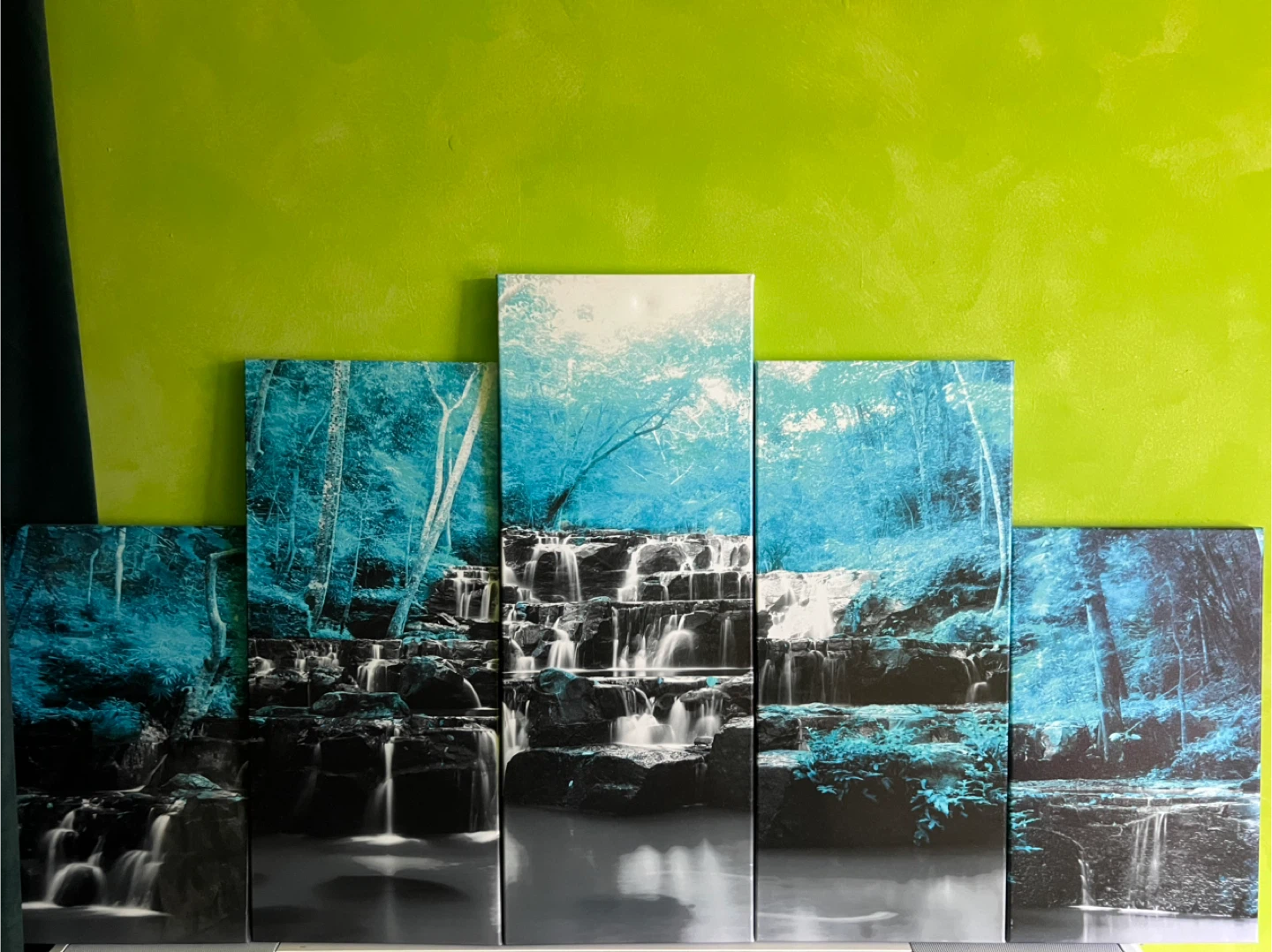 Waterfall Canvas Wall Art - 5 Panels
--
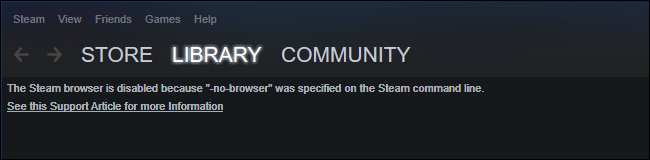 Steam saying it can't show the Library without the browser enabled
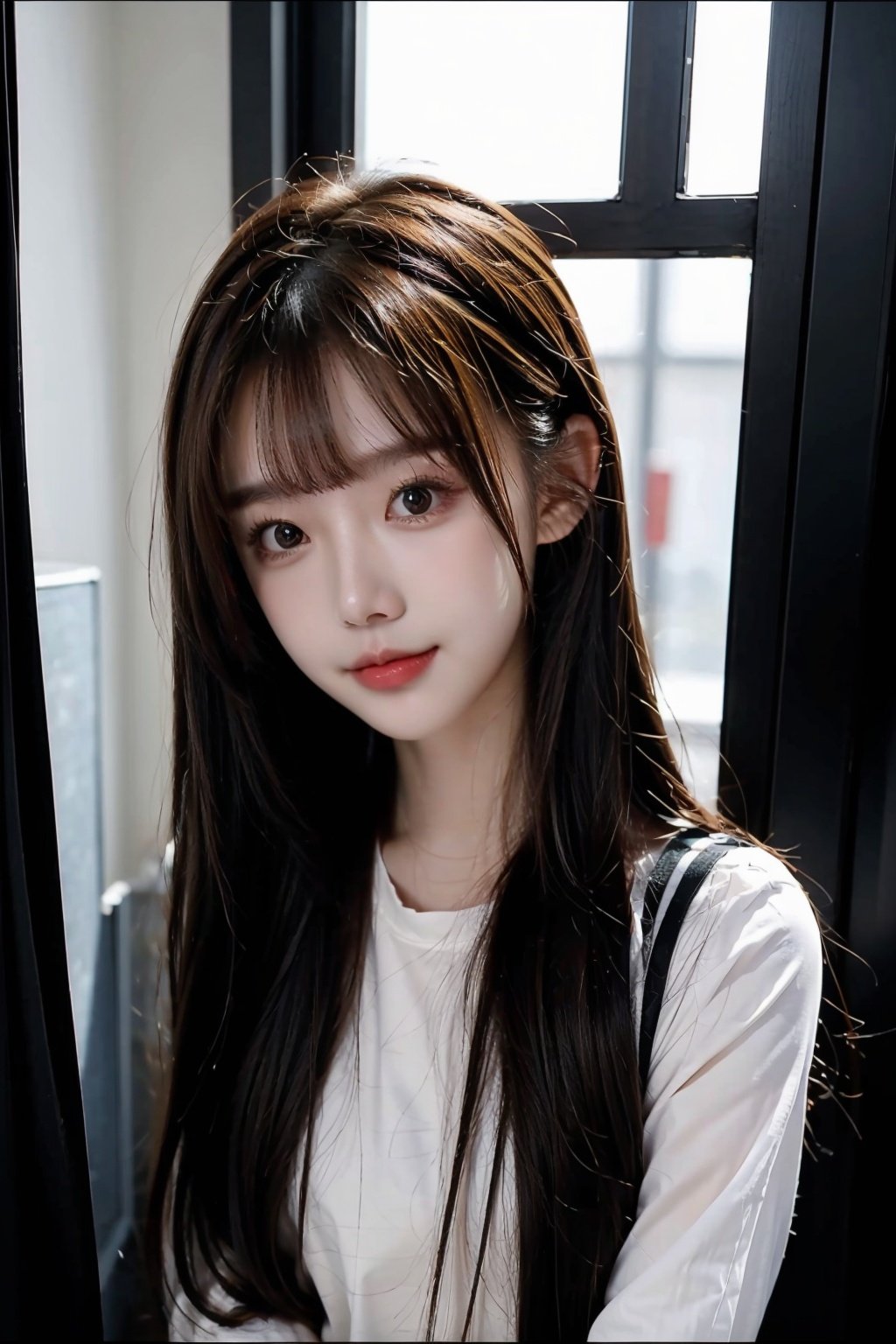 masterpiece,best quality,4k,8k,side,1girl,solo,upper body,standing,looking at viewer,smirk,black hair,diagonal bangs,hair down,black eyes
* * *
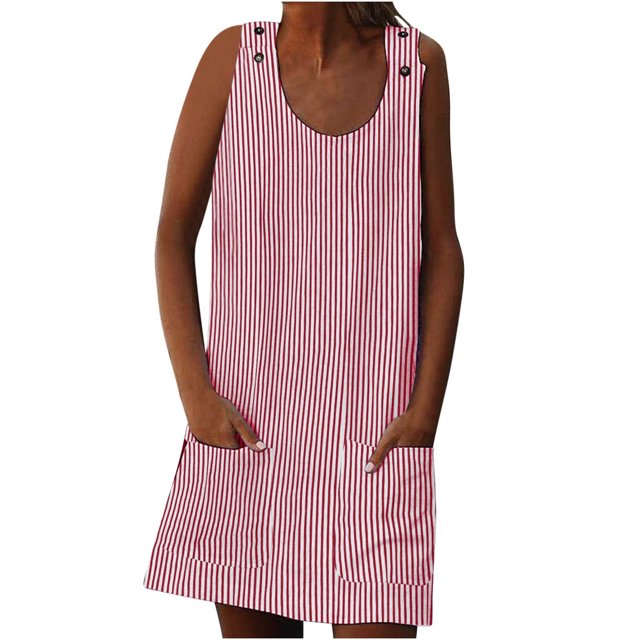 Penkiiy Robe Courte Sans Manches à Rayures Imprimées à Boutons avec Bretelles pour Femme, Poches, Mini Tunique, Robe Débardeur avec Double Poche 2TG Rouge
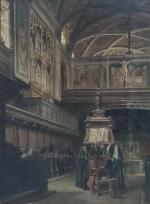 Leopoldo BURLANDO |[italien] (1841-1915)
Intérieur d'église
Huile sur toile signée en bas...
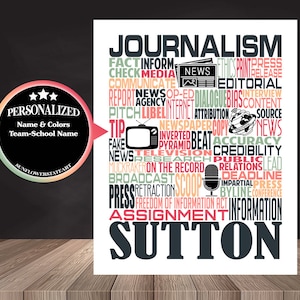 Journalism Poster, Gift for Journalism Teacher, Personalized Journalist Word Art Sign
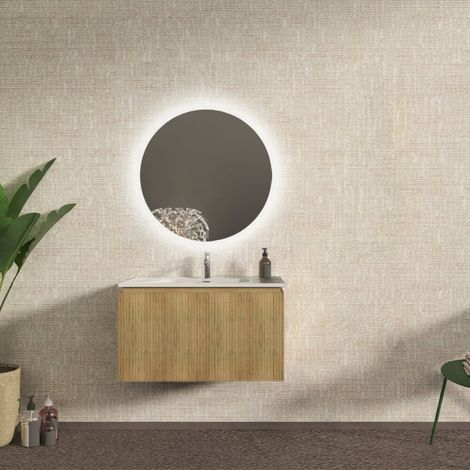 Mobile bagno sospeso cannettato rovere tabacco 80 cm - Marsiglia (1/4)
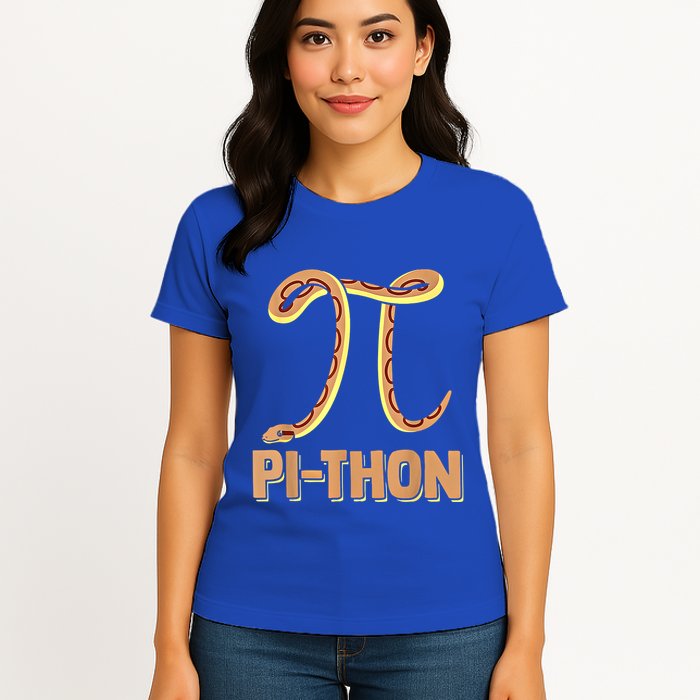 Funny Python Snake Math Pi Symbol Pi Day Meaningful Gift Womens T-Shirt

INSTRUCTIONS FOR THE TASK: Reproduce the entries exactly, from the line with "Intérieur d'église" to the line with "Funny Python Snake", both lines included, keeping no pictures.

SOLUTION:
Intérieur d'église
Huile sur toile signée en bas...
 Journalism Poster, Gift for Journalism Teacher, Personalized Journalist Word Art Sign
 Mobile bagno sospeso cannettato rovere tabacco 80 cm - Marsiglia (1/4)
 Funny Python Snake Math Pi Symbol Pi Day Meaningful Gift Womens T-Shirt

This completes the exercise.